The shop thought it might be running lean and over heating, causing thin oil to leak at the breather. I tore down an blew out the carb. It was really pretty clean, but jets are very small, so it's possible that was part of the problem. 

They didn't think it was a leaky oil ring allowing too much blow by, as it should be smoking, which it isn't. They also said that some crank case pressure is normal, and that I should be running 40wt not 30 wt, so hopefully that will help.

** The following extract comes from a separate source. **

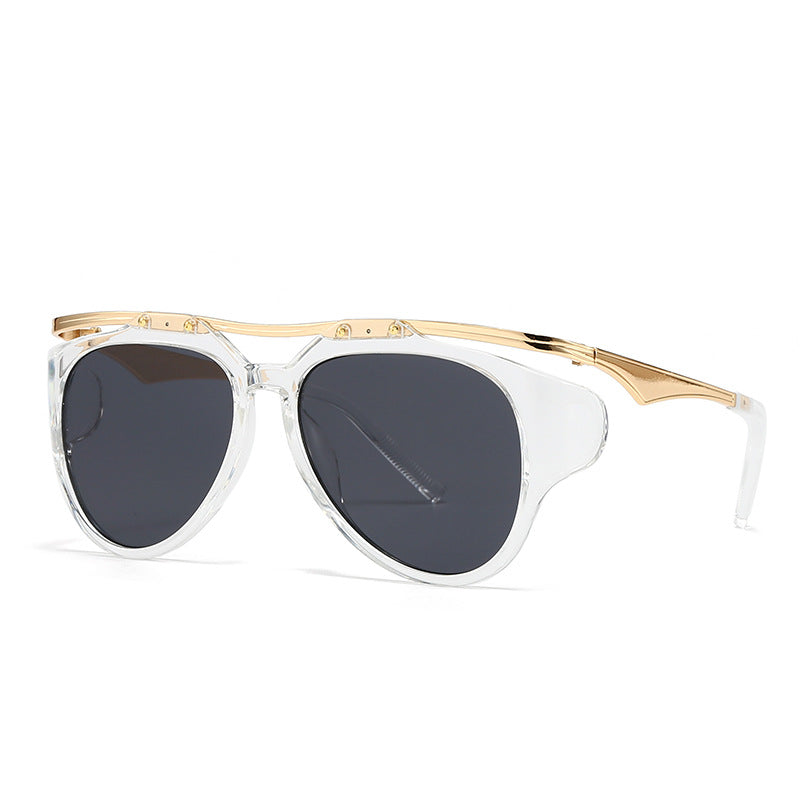 Sunglasses, European and American street photos, Instagram influencers, models, geometric metal frames, sunglasses for women - E-Esther Clothing Store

I will post again when I have more data.

Ken


----------



## Bill Hall (Jan 6, 2007)

*Tipsy!*

If your air filter is fouled its more than likely caused by tipping during transport or storage, if the motors tight, and your not overfilled. Especially as this is a suitcase unit! They are pretty easily tipped, laid on their side, or up ended and will foul the airbox/filter of you dont know better. A lot of shops make easy money cleaning airboxes, changing filters and burning out the exhaust. Seems like the old flatheads werent quite so bad but they'll still do it if tipped or inverted for a prolonged period. With the advent of OHV motors the problem seemed to get worse. Probably my imagination. Obviously if you've got more pressure than pulse at the breather then there's something up, but I really dont think so. Keep in mind that goo in the airbox is a fact of life with any air box vented, used internal cumbustion engine. Clean it all up change the filter and see. Half a fluid ounce over three hours is no great shakes. I sweat that much pulling a load in an hour and a half. LOL BH


----------



## lupy (Jan 9, 2007)

This is a follow up for anyone with the same problem, It was definetly not overfull, as when I tried to restart it the nixt time, the low oil light came on. I removed the breather line from the air box, and ran it through an old glass fuel bowl I had laying around. I initially had thought about building a trap which could then drain the oil back to the crank case, but after running it a while, I found that I was getting about 3 times as much water as oil. Definetly not something I wanted back in the case. 
I called dealers, no one really had any experiance with these, as they are pretty old, but one person said that 40wt was a good idea for these. I got some royal Purple 40 wt. $6 a qt, but it only takes a little over 1/3qt per oil change, so it's no big deal. I changed out to that and the volume of oil in the glass was much less. Still more than I wanted to dump on the ground, so I made a little brass fitting for the end of the breather line, this has a 3/32 id brass tube soldered on which re-directs anything coming out the breather line down the throat of the carb. I figure any moisture will still be vapor, and not a problem, and the small amount of oil can just burn up. I may foul plugs a little more, but I think I can live with that, at least for now. I also put a little oil absorbing mat in the bottom of the frame of the gen, just in case anything gets by. 

Ken


----------